Des résultats probants en faveur des techniques de conservation des eaux et des sols
Les résultats de l’enquête ont révélé que les producteurs n’utilisent que très peu les techniques de conservation des eaux et des sols pour la production de l’oignon et de la corète potagère. L’étude a également mis en évidence des inégalités de genre, la culture de la corète potagère étant majoritairement assurée par les femmes, souvent sur de petites superficies et avec un accès limité aux intrants.

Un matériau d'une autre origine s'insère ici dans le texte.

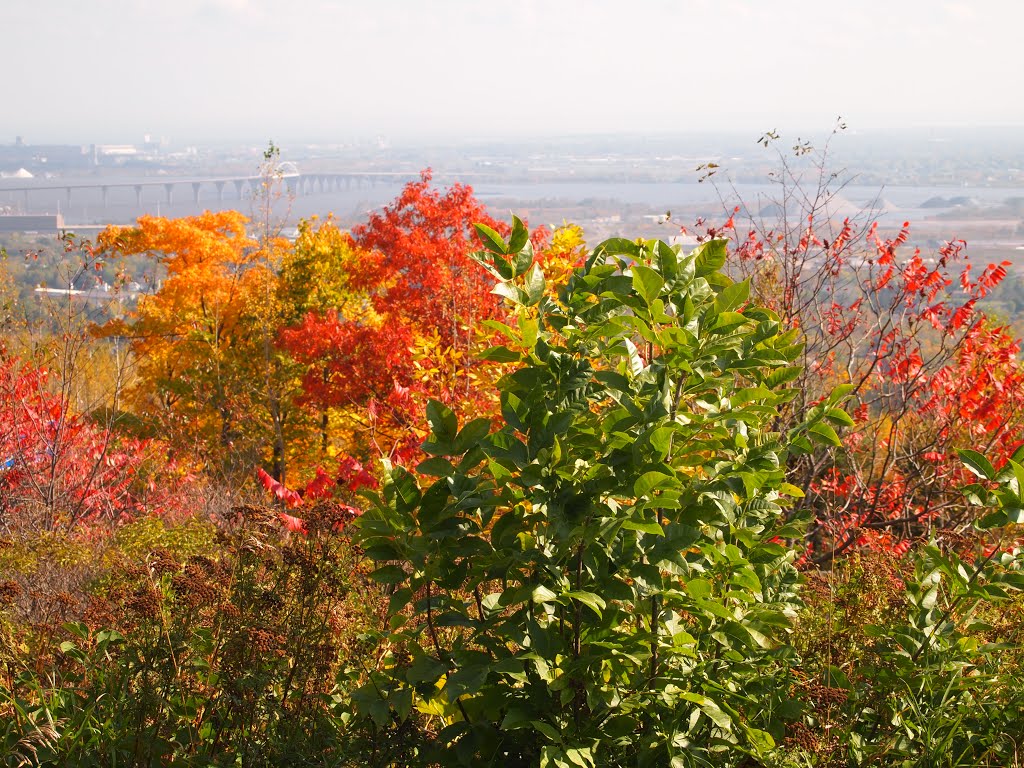 Duluth Colors looking at the Bong Bridge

Sur le plan agronomique, les résultats expérimentaux montrent que :
- les demi-lunes offrent les meilleurs rendements, grâce à une meilleure répartition de l’humidité dans le sol ;
- la technique du zaï présente également des performances prometteuses, notamment pour la corète potagère, en améliorant la disponibilité hydrique ;
- les systèmes de culture conservateurs réduisent les pertes par drainage et améliorent l’efficacité de l’eau.
L’analyse du bilan hydrique confirme que ces techniques constituent des outils efficaces d’optimisation de l’irrigation, tout en favorisant la durabilité environnementale.

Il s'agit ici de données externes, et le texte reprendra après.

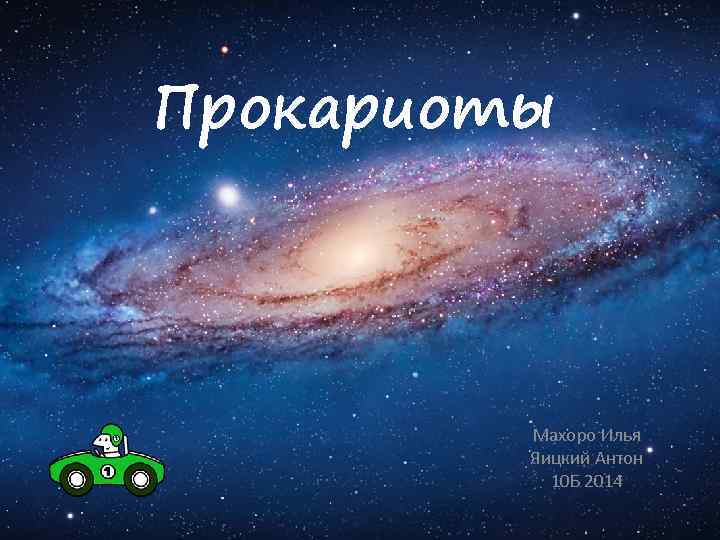 Прокариоты Махоро Илья Яицкий Антон 10 Б 2014 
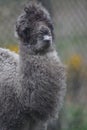 Bactrian Camel - Camelus bactrianus Royalty Free Stock Photo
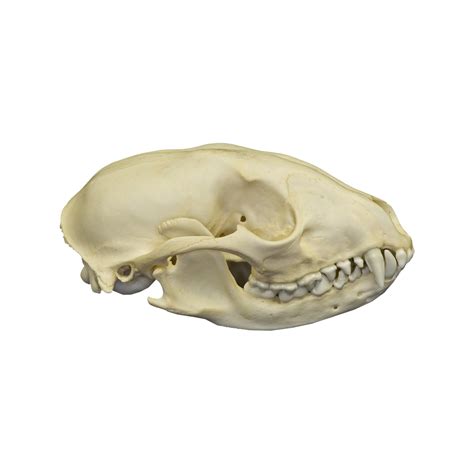 Real Raccoon Skull — Skulls Unlimited International, Inc.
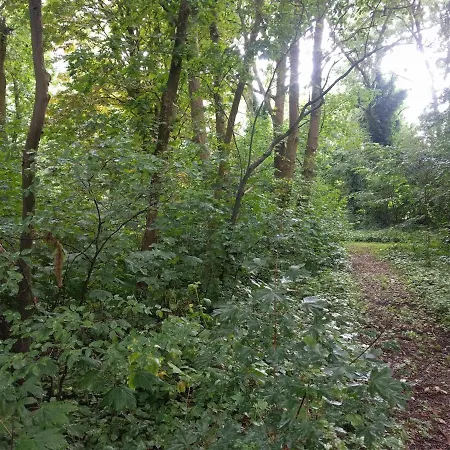 Bed & Breakfast Kwadijkerbos Kwadijk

Des perspectives pour le développement agricole sahélien
À l’issue de ses travaux, le doctorant recommande notamment :
- la réalisation d’analyses coût-bénéfice détaillées des combinaisons culture–technique–irrigation ;
- la mise en place d’observatoires paysans pour le suivi à long terme des performances ;
- l’extension des expérimentations à d’autres zones sahéliennes afin de confirmer la transférabilité des résultats.

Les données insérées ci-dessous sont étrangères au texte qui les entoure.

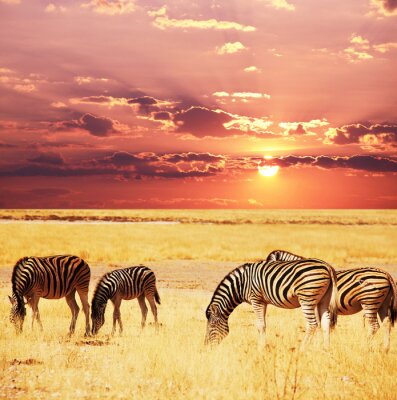 Dieren op de achtergrond van de ondergaande zon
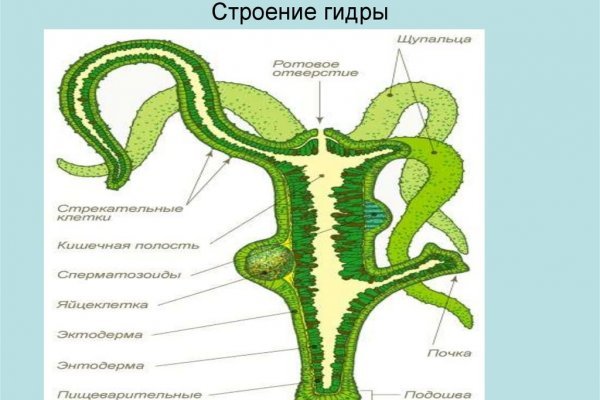 Кракен дарк сайт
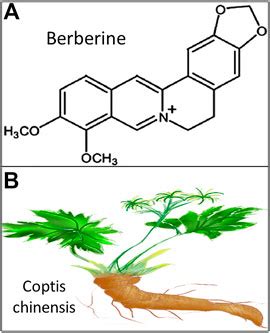 Frontiers The Effective Role Of Natural Product Berberine In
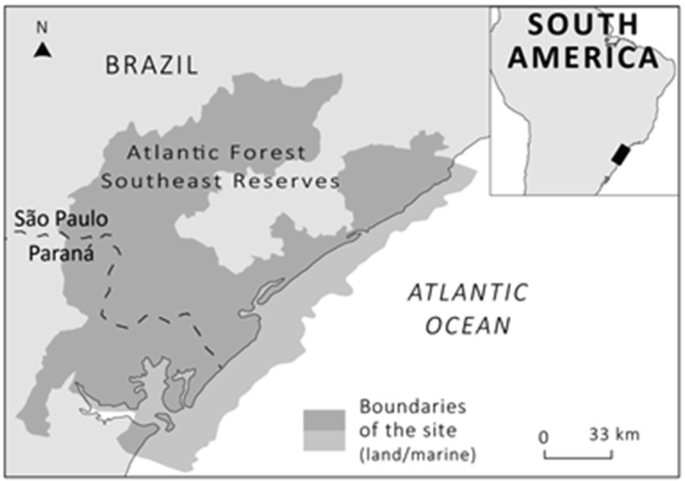 Atlantic Forest Southeast Reserves, Brazil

Au terme de sa présentation et des échanges, le jury a accordé à AYOUMBISSI KEUGMENI Guy Armel, le grade de Docteur de l’École Doctorale de l’Institut 2iE en Sciences et Technologies de l’Eau, de l’Energie et de l’Environnement (Spécialité Eau) avec la mention très honorable.
Ce jury était présidé par le Professeur Alpha Seydou YARO du Centre National de la Recherche Scientifique et Technologique du Mali, et composé du Dr. (MR) Illiassou MOSSI MAIGA de l’Institut National de la Recherche Agronomique du Niger, du Dr. (MC) Amadou LY MOUHAMADOU de l’université Gaston Berger du Sénégal, du Prof Edmond HIEN de l’Institut de Recherche pour le Développement du Burkina Faso et du Dr. (MC) Amadou KEITA de l’Institut 2iE, par ailleurs directeur de thèse de l’impétrant.
Une contribution scientifique au service des communautés
Sur le plan professionnel, Ayoumbissi Keugmeni Guy Armel ambitionne de vulgariser les résultats de cette recherche auprès des agriculteurs, d’en assurer la transférabilité dans d’autres pays sahéliens et de mettre en place un cabinet de conseil spécialisé en environnement et en systèmes agricoles durables.
Au terme de sa soutenance, le doctorant a exprimé sa profonde gratitude à l’Institut 2iE, au Laboratoire Eaux, Hydro-Systèmes et Agriculture (LEHsA), à ses encadrants, ainsi qu’à l’ensemble des personnels techniques, administratifs et collègues doctorants ayant contribué à l’aboutissement de ce travail.